*** RECORDED INFORMATION ***

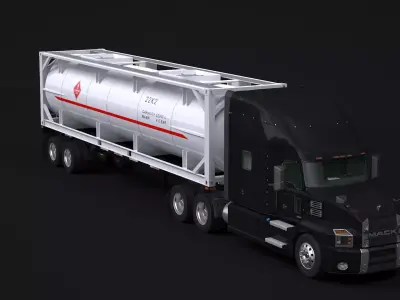 Semitruck and ISO Tank Trailer 3D model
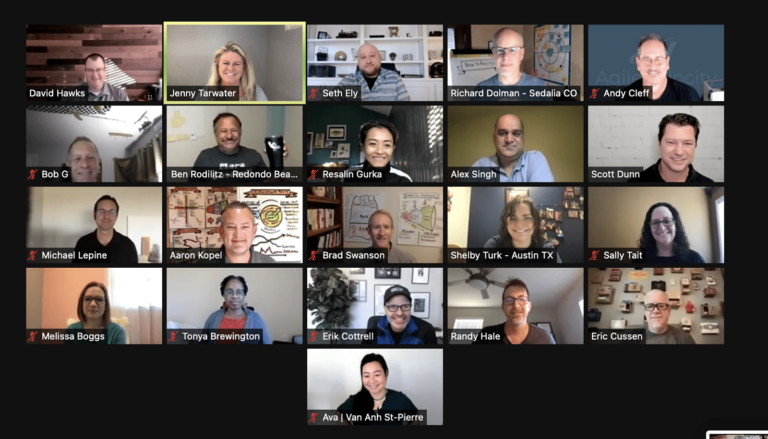 A screenshot of Path to Agility Facilitators who attended the September 2021 GSD session.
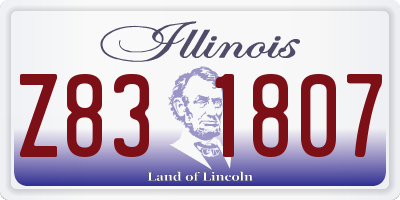 IL license plate Z831807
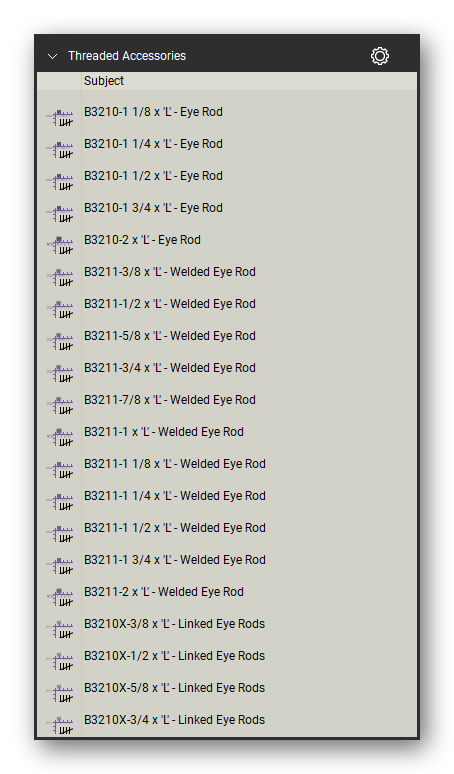 Threaded accessories count tools in a Bluebeam Revu tool set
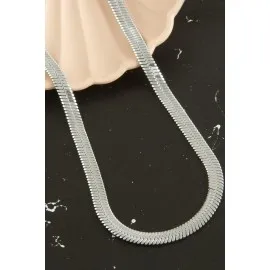 Lüx İtalyan Çelik Zincir Kolye 45Cm-Gümüş Rengi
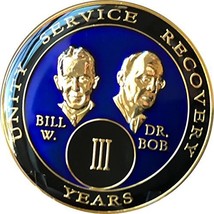 3 Year Founders Blue Tri-Plate AA Medallion Bill &amp; Bob Chip III - £14.79 GBP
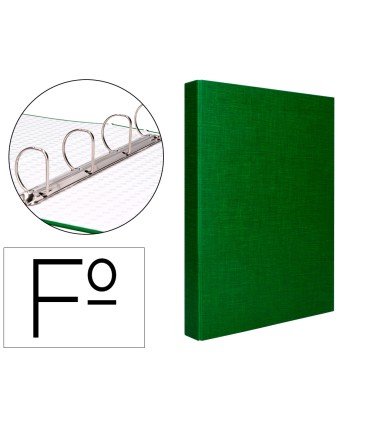 Carpeta de 4 anillas 40mm mixtas liderpapel folio carton forrado paper coat verde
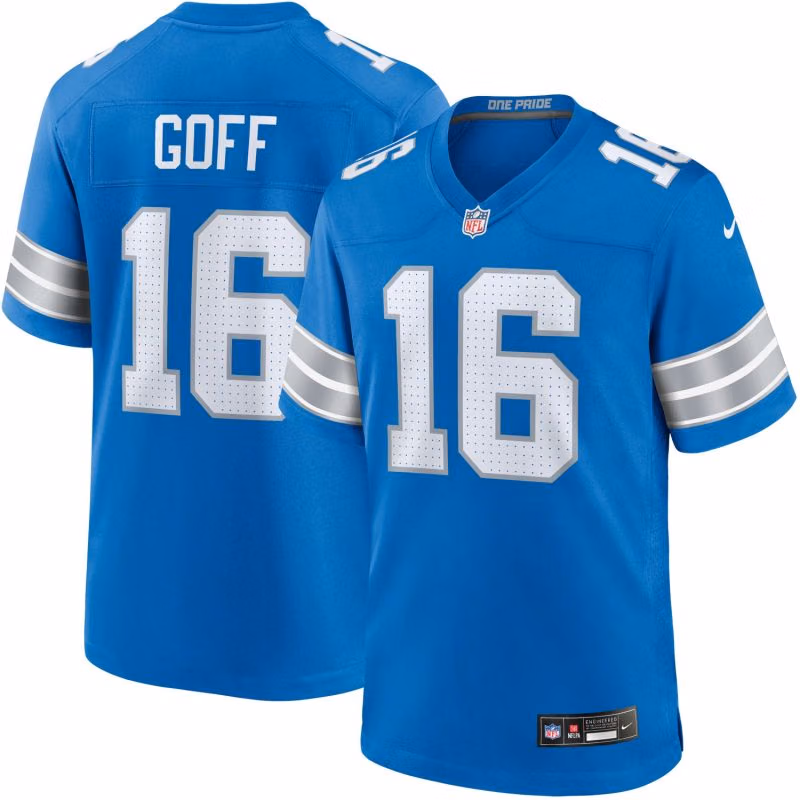 Jared Goff #16 Detroit Lions Nike Game NFL Jersey Blue view 1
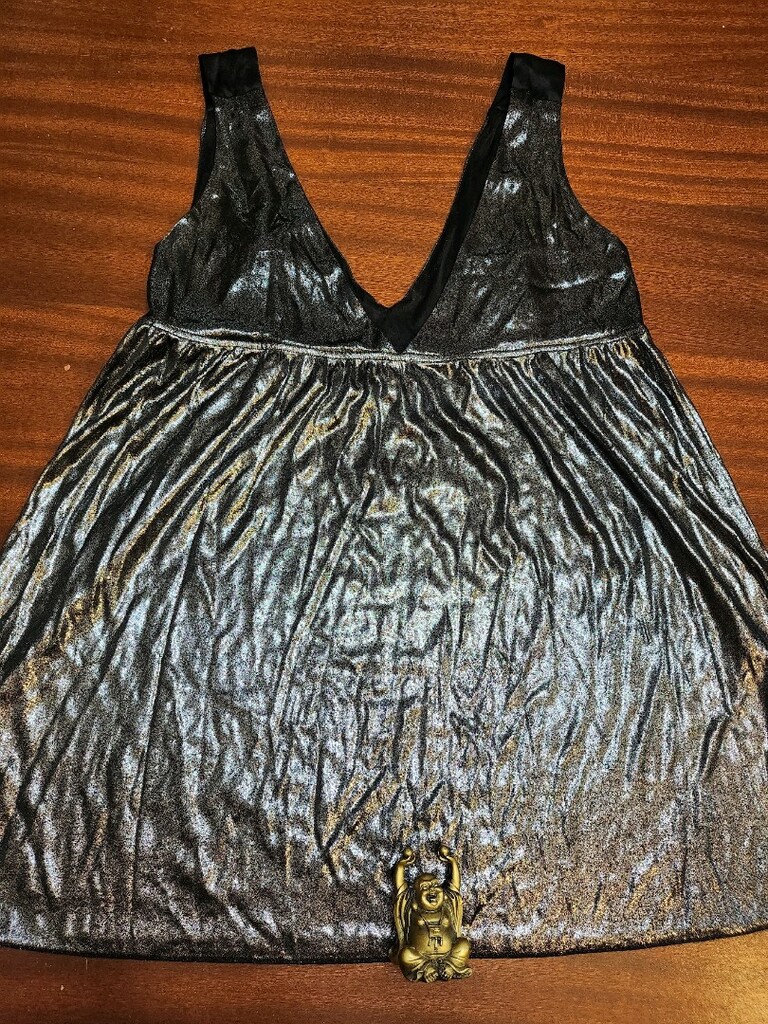 MANGO Siyah Metalik V Yaka Bluz - 8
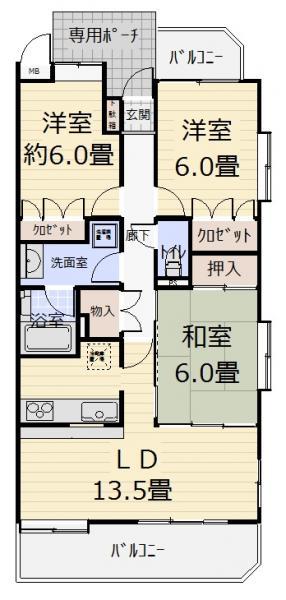 Floor plan. 3LDK, Price 26,800,000 yen, Occupied area 70.14 sq m , Balcony area 11.29 sq m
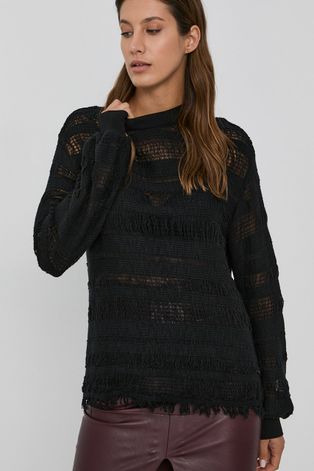 Пуловер Nissa дамски в черно от лека материя
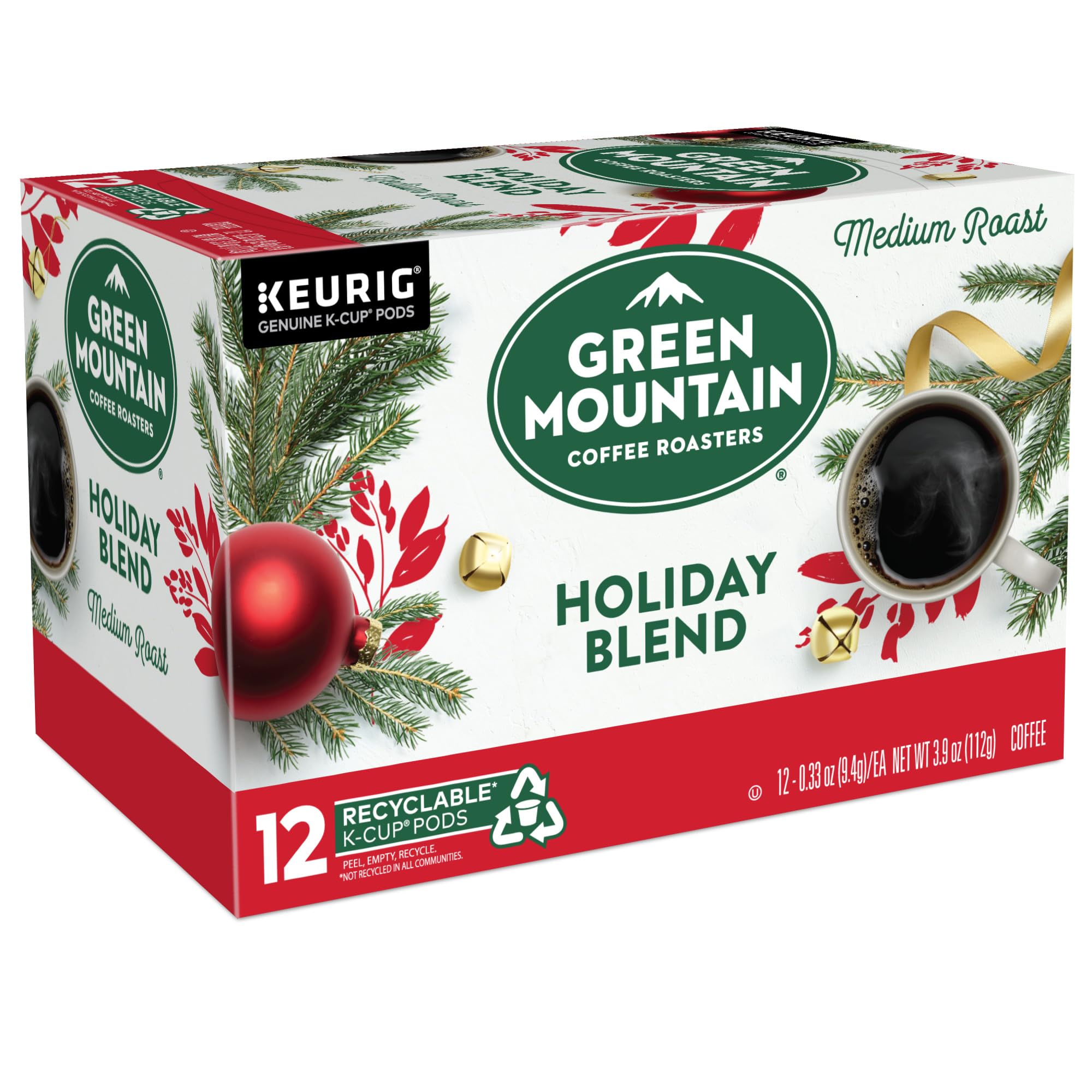Green Mountain Coffee Roasters K-Cups Holiday Blend - 12 Count Single Serve Coffee Pods for Keurig Brewers | Perfect for Christmas Morning & Holiday Gatherings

*** End of RECORDED INFORMATION ***

- **PROBLEM DESCRIPTION**
Please retype the records above exactly, leaving every image out.

- **WRITTEN ANSWER**
 Semitruck and ISO Tank Trailer 3D model
 A screenshot of Path to Agility Facilitators who attended the September 2021 GSD session.
 IL license plate Z831807
 Threaded accessories count tools in a Bluebeam Revu tool set
 Lüx İtalyan Çelik Zincir Kolye 45Cm-Gümüş Rengi
 3 Year Founders Blue Tri-Plate AA Medallion Bill &amp; Bob Chip III - £14.79 GBP
 Carpeta de 4 anillas 40mm mixtas liderpapel folio carton forrado paper coat verde
 Jared Goff #16 Detroit Lions Nike Game NFL Jersey Blue view 1
 MANGO Siyah Metalik V Yaka Bluz - 8
 Floor plan. 3LDK, Price 26,800,000 yen, Occupied area 70.14 sq m , Balcony area 11.29 sq m
 Пуловер Nissa дамски в черно от лека материя
Green Mountain Coffee Roasters K-Cups Holiday Blend - 12 Count Single Serve Coffee Pods for Keurig Brewers | Perfect for Christmas Morning & Holiday Gatherings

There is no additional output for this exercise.